I have a pandas series, s1, and I want to make a new series, s2, by applying a function that takes two inputs to create one new value. This function would be applied to a 2-value window on s1. The resulting series, s2, should have one fewer value than s1. There are many ways to accomplish this but I'm looking for a way to do it very efficiently. This is on Linux and I'm currently running python 2.7 and 3.4 and pandas 15.2, though I can update pandas if that's necessary. Here's a simplification of my problem. My series consists of musical pitches represented as strings.

import pandas
s1 = pandas.Series(['C4', 'E-4', 'G4', 'A-4')

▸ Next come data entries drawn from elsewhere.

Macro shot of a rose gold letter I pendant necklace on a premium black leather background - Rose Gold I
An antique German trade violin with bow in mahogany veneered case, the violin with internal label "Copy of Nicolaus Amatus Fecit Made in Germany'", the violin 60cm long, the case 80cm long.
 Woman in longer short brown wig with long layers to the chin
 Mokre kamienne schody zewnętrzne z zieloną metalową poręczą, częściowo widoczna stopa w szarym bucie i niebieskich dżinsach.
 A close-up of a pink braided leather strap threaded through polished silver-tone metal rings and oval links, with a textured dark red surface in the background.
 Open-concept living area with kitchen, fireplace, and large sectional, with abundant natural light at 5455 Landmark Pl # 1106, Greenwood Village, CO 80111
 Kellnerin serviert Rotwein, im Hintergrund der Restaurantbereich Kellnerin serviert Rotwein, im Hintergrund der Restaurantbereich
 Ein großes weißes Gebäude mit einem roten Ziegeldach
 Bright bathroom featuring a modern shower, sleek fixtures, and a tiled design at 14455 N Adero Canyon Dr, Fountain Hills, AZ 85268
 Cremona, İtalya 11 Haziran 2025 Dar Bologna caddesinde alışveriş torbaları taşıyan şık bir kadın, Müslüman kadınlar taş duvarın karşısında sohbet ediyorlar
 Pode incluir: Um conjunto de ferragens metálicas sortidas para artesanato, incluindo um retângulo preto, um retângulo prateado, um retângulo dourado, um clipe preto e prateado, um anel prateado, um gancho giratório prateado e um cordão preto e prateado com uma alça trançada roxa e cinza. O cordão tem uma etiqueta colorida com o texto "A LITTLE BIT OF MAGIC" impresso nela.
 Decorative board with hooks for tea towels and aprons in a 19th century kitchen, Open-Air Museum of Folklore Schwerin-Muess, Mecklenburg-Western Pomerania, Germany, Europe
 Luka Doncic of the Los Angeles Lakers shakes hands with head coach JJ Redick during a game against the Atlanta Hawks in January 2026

I'd like to use this function:

def interval_func(event1, event2):
    ev1 = music21.note.Note(event1)
    ev2 = music21.note.Note(event2)
    intrvl = music21.interval.Interval(ev1, ev2)
    return intrvl.name

On s1 and a shifted version of s1, to get the following series:

s2 = pandas.Series(['m3', 'M3', 'm2'])
Alex
  • 2,154
  • 3
  • 26
  • 49
  • 3
    Incorrect `apply` can take a user func or lambda and can take 0-N params, you need to define your problem better with raw data, code and desired output – EdChum Apr 14 '16 at 20:17

1 Answers1

1

In response to your edit, we could try and use a similar .rolling method, but pandas does not currently support non-numeric types in rolls.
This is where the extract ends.